The third book in Deary’s Dangerous Days series takes a quick jaunt around the Elizabethan era, peeking behind the jewelled skirts of the Queen to see the smallpox scars and filth-encrusted streets underneath.
Given what a huge influence Elizabeth’s family and upbringing would have had on her psychology, the first half of the book focuses on them from her birth on – her psychopath father declaring her a bastard and having her mother beheaded, her sickly brother dying soon into his rule, her bloodthirsty sister and the many thousands of religious executions, and the diplomatic dancing that Liz had to perform simply to stay alive – before turning its eyes to the shenanigans of Liz as queen and those she ruled over.

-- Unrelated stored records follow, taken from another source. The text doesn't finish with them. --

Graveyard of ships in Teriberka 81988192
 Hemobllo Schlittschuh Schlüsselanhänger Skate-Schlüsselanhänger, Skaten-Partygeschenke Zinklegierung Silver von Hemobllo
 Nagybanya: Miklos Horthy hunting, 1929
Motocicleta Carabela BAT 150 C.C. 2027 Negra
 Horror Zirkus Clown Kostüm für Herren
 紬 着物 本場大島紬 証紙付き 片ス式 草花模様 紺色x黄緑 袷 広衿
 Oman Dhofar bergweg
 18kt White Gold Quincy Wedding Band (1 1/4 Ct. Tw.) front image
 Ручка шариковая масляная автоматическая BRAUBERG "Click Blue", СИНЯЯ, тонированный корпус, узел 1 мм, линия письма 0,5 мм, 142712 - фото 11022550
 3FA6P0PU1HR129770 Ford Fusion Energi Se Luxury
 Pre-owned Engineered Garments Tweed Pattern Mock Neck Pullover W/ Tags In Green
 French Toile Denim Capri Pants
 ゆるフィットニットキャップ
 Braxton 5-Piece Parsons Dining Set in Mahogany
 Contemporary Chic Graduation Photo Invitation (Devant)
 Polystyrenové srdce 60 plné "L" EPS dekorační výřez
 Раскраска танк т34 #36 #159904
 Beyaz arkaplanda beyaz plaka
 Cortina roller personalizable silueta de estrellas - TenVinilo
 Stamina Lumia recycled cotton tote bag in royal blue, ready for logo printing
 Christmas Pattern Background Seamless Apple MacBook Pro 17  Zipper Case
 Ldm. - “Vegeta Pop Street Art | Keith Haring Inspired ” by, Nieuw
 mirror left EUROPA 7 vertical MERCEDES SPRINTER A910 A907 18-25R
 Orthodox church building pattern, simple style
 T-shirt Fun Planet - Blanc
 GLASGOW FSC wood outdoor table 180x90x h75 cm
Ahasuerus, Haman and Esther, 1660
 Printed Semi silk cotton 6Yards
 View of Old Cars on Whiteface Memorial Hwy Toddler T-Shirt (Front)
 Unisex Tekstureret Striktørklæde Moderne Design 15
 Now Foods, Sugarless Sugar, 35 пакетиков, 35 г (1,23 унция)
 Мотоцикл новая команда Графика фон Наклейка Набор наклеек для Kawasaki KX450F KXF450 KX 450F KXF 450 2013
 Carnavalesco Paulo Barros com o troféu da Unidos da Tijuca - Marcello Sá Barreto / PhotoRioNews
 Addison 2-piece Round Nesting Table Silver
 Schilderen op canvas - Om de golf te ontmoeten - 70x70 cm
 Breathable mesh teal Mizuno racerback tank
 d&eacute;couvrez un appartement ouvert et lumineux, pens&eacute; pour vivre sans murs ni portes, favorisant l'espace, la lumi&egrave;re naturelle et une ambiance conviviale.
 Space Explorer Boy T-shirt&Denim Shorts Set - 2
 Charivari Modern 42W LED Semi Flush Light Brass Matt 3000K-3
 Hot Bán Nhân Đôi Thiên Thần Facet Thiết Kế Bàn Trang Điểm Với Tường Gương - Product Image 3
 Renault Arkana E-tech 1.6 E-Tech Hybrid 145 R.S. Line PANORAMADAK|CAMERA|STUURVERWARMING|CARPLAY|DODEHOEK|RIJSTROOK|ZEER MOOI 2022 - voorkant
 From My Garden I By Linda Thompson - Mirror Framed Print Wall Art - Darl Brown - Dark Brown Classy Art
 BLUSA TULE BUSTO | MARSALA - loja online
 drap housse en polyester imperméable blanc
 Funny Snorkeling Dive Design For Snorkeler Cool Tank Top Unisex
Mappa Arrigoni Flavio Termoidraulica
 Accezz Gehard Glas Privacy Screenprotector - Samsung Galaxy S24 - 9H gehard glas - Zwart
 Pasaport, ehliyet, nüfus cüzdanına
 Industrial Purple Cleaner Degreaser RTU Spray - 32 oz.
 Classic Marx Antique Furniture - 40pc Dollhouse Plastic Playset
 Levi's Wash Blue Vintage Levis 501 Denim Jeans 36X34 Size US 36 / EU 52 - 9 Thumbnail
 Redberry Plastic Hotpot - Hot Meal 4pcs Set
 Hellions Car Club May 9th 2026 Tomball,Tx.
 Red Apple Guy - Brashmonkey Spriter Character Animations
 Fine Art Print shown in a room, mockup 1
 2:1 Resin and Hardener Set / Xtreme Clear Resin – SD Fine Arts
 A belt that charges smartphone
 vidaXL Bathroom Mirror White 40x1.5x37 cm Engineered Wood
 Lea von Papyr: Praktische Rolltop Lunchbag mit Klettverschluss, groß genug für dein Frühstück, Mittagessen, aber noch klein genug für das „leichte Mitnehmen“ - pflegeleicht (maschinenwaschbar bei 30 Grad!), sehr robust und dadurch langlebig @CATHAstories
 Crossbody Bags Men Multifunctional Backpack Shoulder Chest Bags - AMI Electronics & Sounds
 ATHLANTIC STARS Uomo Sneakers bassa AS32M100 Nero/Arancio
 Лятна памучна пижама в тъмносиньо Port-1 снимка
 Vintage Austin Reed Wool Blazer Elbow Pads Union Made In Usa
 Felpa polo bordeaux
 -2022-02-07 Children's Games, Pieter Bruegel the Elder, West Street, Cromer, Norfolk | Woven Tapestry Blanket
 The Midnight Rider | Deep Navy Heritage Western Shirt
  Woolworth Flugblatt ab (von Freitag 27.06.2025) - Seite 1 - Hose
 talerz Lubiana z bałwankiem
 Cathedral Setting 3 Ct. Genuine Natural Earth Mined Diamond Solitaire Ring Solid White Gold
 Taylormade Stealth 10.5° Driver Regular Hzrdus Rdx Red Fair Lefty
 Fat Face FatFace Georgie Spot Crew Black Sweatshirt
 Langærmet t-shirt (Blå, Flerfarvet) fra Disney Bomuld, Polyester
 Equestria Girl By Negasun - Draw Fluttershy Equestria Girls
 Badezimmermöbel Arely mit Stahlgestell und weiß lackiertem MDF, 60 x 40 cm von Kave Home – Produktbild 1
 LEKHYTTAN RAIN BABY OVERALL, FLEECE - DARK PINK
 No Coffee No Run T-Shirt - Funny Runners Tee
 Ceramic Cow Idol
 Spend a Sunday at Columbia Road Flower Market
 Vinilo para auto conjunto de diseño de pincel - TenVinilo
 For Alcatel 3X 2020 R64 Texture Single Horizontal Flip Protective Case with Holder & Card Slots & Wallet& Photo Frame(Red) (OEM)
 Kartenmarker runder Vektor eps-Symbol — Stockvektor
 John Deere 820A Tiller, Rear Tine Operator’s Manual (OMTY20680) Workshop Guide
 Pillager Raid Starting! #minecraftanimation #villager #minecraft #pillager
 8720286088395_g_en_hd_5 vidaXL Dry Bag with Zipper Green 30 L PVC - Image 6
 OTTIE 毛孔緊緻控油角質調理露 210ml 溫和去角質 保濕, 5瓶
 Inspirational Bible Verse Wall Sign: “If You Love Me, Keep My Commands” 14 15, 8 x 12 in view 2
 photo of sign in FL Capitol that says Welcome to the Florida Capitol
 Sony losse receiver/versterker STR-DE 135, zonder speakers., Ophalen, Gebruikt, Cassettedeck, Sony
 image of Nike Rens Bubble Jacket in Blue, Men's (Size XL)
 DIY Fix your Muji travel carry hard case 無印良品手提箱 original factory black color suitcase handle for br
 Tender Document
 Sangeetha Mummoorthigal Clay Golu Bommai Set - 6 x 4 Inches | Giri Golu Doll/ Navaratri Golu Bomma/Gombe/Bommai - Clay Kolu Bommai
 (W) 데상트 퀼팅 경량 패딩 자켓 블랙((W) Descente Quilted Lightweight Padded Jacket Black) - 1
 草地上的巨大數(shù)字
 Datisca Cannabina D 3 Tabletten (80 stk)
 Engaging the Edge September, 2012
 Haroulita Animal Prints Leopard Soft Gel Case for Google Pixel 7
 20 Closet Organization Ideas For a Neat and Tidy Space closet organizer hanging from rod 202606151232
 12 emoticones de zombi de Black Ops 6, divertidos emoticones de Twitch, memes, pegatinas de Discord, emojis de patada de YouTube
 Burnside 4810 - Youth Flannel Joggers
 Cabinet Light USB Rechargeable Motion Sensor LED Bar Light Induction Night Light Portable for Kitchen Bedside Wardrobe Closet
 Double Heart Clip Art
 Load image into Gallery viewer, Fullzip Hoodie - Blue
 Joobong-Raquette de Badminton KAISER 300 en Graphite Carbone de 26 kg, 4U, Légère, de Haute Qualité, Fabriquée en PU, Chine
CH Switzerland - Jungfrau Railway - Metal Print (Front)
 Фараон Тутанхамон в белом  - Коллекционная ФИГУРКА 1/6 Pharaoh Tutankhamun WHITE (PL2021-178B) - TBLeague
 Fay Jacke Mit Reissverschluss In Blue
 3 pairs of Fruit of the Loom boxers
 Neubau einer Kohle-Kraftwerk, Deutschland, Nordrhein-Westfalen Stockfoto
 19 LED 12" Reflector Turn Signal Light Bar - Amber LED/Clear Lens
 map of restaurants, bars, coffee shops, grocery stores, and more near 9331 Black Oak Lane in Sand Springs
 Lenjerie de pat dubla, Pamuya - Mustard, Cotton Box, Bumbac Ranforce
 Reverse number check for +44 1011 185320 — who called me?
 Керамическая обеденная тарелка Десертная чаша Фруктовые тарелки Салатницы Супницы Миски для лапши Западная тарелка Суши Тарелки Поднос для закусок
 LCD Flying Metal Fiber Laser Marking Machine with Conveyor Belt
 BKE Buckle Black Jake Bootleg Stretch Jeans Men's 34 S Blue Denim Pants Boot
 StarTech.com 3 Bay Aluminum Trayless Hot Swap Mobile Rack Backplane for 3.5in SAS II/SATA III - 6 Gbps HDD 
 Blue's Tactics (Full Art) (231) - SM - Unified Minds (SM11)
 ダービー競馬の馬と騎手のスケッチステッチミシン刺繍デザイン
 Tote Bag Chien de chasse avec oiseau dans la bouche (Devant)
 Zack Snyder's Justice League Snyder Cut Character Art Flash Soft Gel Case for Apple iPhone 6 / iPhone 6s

Lousy with spies, torturers, political plots and assassination attempts, and with ongoing religious tensions leading to the brutal executions of thousands, there was certainly no shortage of the mutilated corpses that seemed to decorate most of the city walls. Theatres doubled up as bear-fighting pits, sanitation wasn’t even a thing, and the lead-based make-up applied to cover smallpox scars could kill you.
Living in Plymouth (the English version), Liz and her favourites loomed large in my early education thanks to my hometown’s starring role against the Armada (the Hoe, where Drake famously finished playing a game of boules before facing the fleet, is one of the most popular spots in the city, and every primary school child troops through the well-preserved Elizabethan house on the Barbican at least once), so it was especially good to get to hear some of the stuff that our teachers really wouldn’t have wanted to teach us.
This series has been tremendous fun – I’m a little gutted that there’s now only one left.